Wednesday, 28 April 2010

Review of the Year - Part 2.

As I moved on from my work in the first part of the year, I planned on experimenting with the idea of making tools. In particular, tools and pieces of cutlery to restrict gluttonous or greedy behaviour. My initial thoughts were to alter and modify different tools and cutlery in lots of different ways, to rearrange knives, forks and spoons. Then to create pieces of cutlery out of inappropriate materials to lessen their utility. To start off I created some pages of possible materials which would be unexpected for a fork or knife to be made from. I suggested tissue paper, sponge, wax, ribbon, cotton, papier maché, aluminium tin foil, cling film and others. Many materials are found domestic items. From this I created textile cutlery with cotton and salt to make 'bean-bag' items such as knives, forks, spoons and chopsticks.

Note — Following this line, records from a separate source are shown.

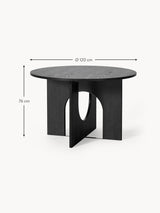 Love Yuvarlak Ahşap Yemek Masası Siyah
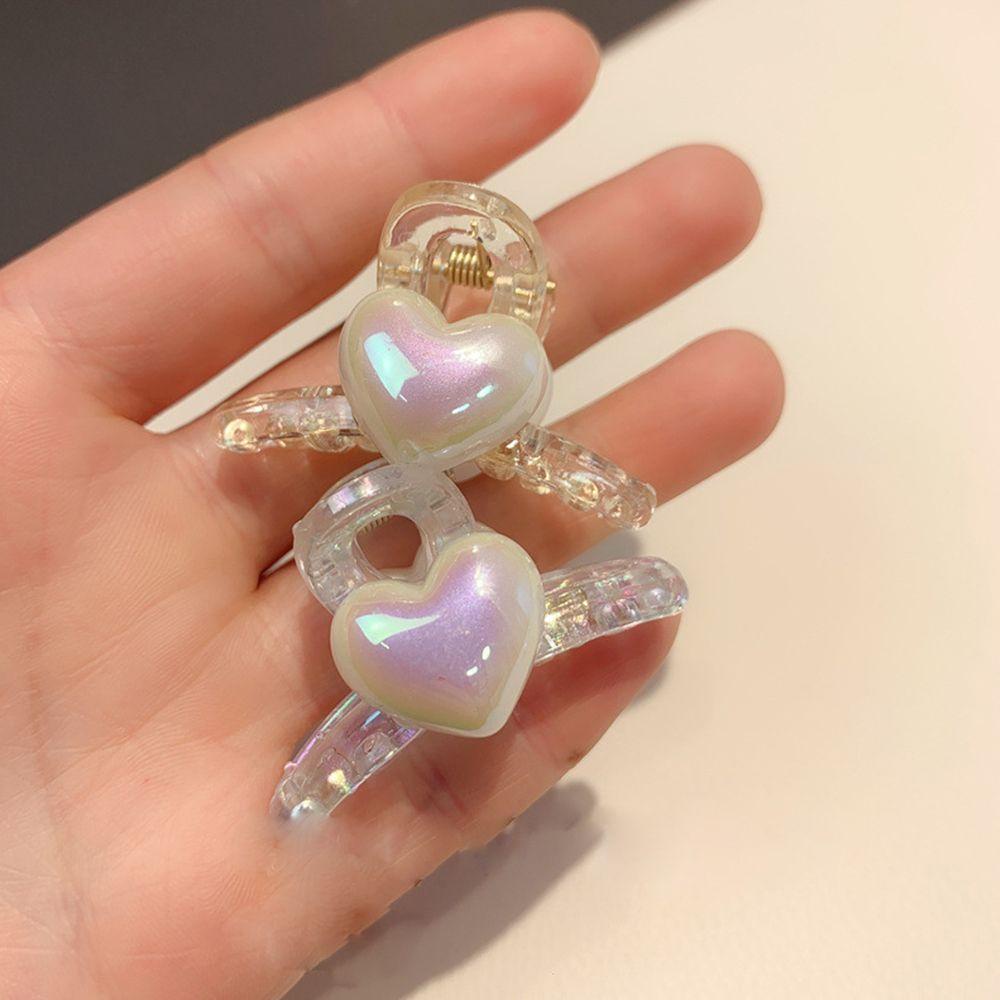 Kẹp Tóc Hình Vỏ Sò / Trái Tim Bằng Acrylic Phong Cách Hàn Quốc Dễ Thương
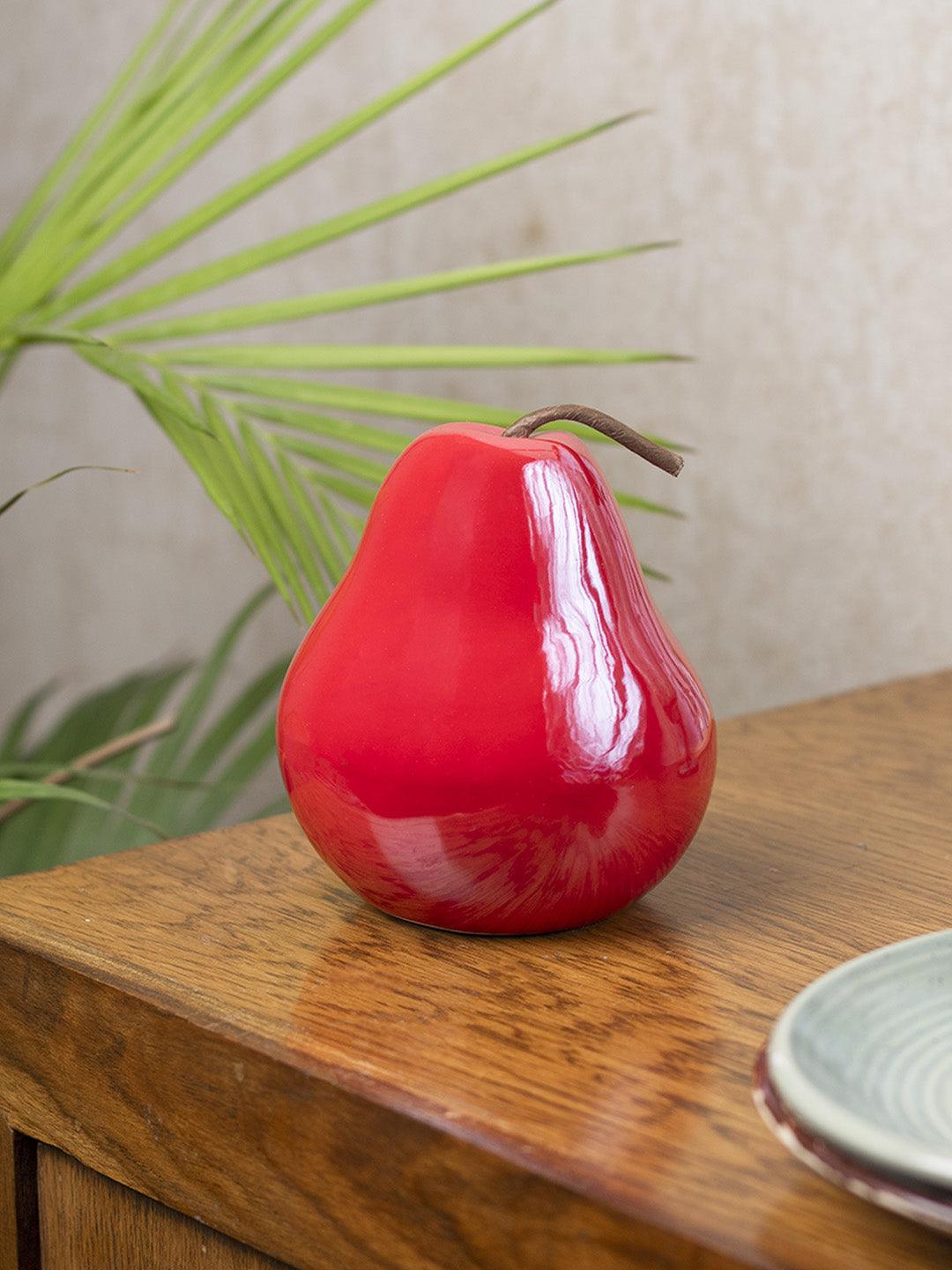 Ceramic Pear sculpture - Red, Décor Ornament - 1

 I then created matchstick items with the use of extra long matches and wire. I also made some wire frames in order to hold together pieces of ribbon and fabrics but I liked the effect of the frames on their own and so I left them like that. As well I have experimented with the use of melted wax and how it can be manipulated and shaped to create new things. My work has been quite exploratory so far, through the experimentation of different materials and the unknown results of their manipulation. My interests lie in observing behaviour and creating tools and interesting objects to use. Objects made from materials which are familiar to the viewer yet unexpected and unfamiliar to the object's utility. One material which has particularly caught my attention in the use of paper. Paper and origami is something I have experimented with, illustrators and artists who predominantly use paper in their work have inspired me to work with this material. I researched origami and looked at origami cutlery and utensils. Drawing on different papers and on text is something I have always enjoyed, and so continued with this when I was pleased with the results of wire shapes against plain backgrounds. So I developed some work towards using the wire shapes on busier backgrounds with the use of text. I started off using pages from a book, unrelated to what I was drawing (Shakespeare). And as I continued drawing, I found some more texts which were of more relevance to my work. I photocopied pages from a cookery book I found and also drew on recipes from these books.

At first I used whatever materials I could lay my hands on, for the bean-bag items I used floral cotton filled with sea salt. It only occurred to me later on that I was creating the cutlery from domestic materials, often associated with eating and food.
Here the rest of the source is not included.